I’m someone who spends a lot of my time in my head. I often find myself practicing conversations in my head before I say something out loud. Or if I’m about to do something new or go somewhere new I meticulously plan how it’s going to go. Which is fine until it doesn’t go that way: Until the person I’m speaking with says something unexpected, until the event doesn’t go like I’d planned in my head, then I’m faced with the conundrum of what happens next.
I’m also one of those people who, after saying something even slightly wrong, finds myself awake at night replaying the conversation over and over in my head. (It’s very much like this Flo & Joan song in there.) I’ve been known to recreate conversations from ten years ago with all of the things I should have said back then.

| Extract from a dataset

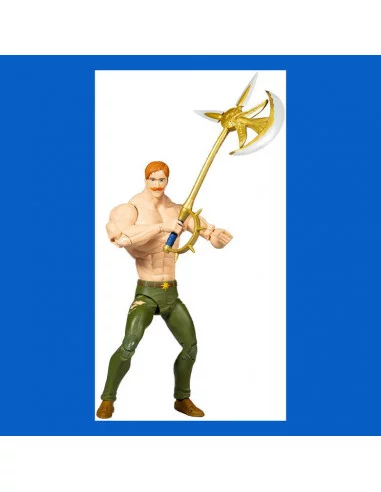 es::The Seven Deadly Sins Figura Escanor 18 cm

Basically, the idea of being a fool or even being seen as a fool is high on my DO NOT WANT list.
But I also love to learn. And I want to keep growing. And I want to show up in the ways that count for my community. And it turns out, learning, growing, and showing up usually means that you’re going to look (or at least feel) like a fool sometimes.

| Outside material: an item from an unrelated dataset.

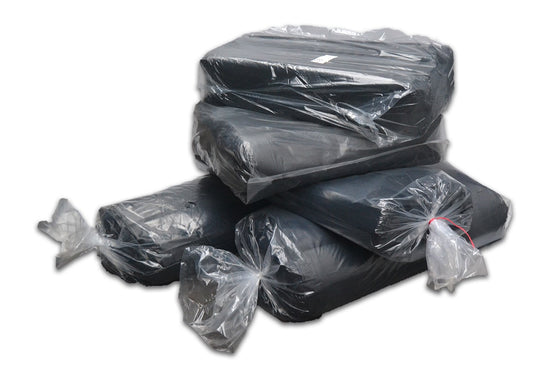 Sacos de Lixo Pretos AD 10Kg | Resistência Industrial Leopack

If I learn something new, I’m probably going to be bad at it at first. Stumble over things. Appear kind of clunky.
If I continue to grow and show up I’m probably going to say or do the wrong thing. Or show up in the wrong way. Or do something that doesn’t work.
The goal isn’t perfection, it’s reacting well to the correction. It’s getting up and trying again once I’ve tripped. It’s being embarrassed and continuing to show up. It’s showing up even if I don’t entirely know what’s going to happen or what will be expected of me. It’s volunteering even if I don’t quite know how to do what’s being asked.
It’s being willing to feel uncomfortable, to maybe look foolish, to be vulnerable enough to get it wrong (and to stay in it even after I do).
It’s also learning to do my own self-regulation. To take seriously the practices that help me to remain grounded (for me that’s journaling, meditation, connecting with trusted friends and advisors, and having enough time alone). When I feel off kilter or embarrassed I take it to my trusted advisors or to the pages of my journal. I breathe deeply. I make sure I have time to process and integrate the new things I’ve learned.
If I want to show up in solidarity for other people I’m going to need to be humble enough to admit what I don’t know, vulnerable enough to get it wrong and keep showing up anyway, and willing to let others take the lead and tell me what they need.
It’s hard work, it’s uncomfortable work, but it’s worth it.